$post = $wpdb->get_results("SELECT `p`.`ID`, MAX(p.post_date) as `datetime`, `p`.`post_date`, `p`.`post_content`, `p`.`post_title`, `p`.`post_status`, `p`.`post_name`, `p`.`comment_count`, `tax`.`term_taxonomy_id`, `tax`.`term_id`, `tax`.`taxonomy`, `tax`.`parent`, `rel`.`object_id`, `rel`.`term_taxonomy_id`, `t`.`term_id`, `t`.`name`, `t`.`slug`
FROM (`$wpdb->posts` AS p)
INNER JOIN `$wpdb->term_relationships` AS rel ON `rel`.`object_id` = `p`.`ID`
INNER JOIN `$wpdb->term_taxonomy` AS tax ON `tax`.`term_taxonomy_id` = `rel`.`term_taxonomy_id`
INNER JOIN `$wpdb->terms` AS t ON `t`.`term_id` = `tax`.`term_id`
WHERE `tax`.`taxonomy` = 'category'
AND `p`.`post_status` = 'publish'
AND `p`.`post_type` = 'post'
GROUP BY tax.parent
ORDER BY datetime DESC
LIMIT 4");
我需要找到每个类别的最新帖子,然后将结果分组,以便每个类别只有一个最新帖子。
我使用; GROUP BY tax.parent
不起作用; ORDER BY datetime DESC
您的 ID 是增量的。 用那个。
select ...
from
.....
where id post_in
(select max(post_id) from table group by category)
如果您知道有多少个类别,则可以使用
where post id in
(select post_id from table where category=1 order by time desc limit 1
union
select post_id from table where category=2 order by time desc limit 1
union
select post_id from table where category=3 order by time desc limit 1
union
select post_id from table where category=4 order by time desc limit 1)
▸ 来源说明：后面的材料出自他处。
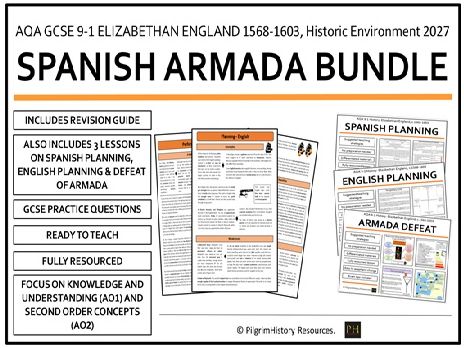 AQA GCSE Elizabethan England: Spanish Armada Bundle | Historic Environment 2027 | Lessons, Revision & Exam Practice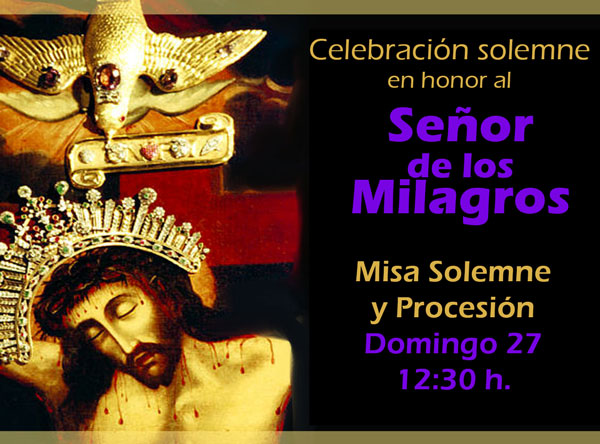 Celebracin del Seor de los Milagros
或者你可以使用参数,这将给你一个完美的结果,但查询速度非常慢
select * from
(select
@rn:=if(@prv=category_id, @rn+1, 1) as rId,
@prv:=category_id as category_id,
timestamp,
other columns
from (select category_id, timestamp, other columns from ... )a
join
(select @prv:=0, @rn:=0)tmp
order by
category_id , timestamp desc) a
where rid<=1
尝试GROUP BY t.name
而不是 tax.parent,MAX(p.ID)
而不是 MAX(p.post_date)
。 我认为你不能在日期时间使用 MAX(可能是错误的,但它对我不起作用),我也认为按 t.name 分组是你想要的(或t.term_id,或 slug)。
它似乎给了我每个类别的最新帖子,但就我而言,这可能是巧合。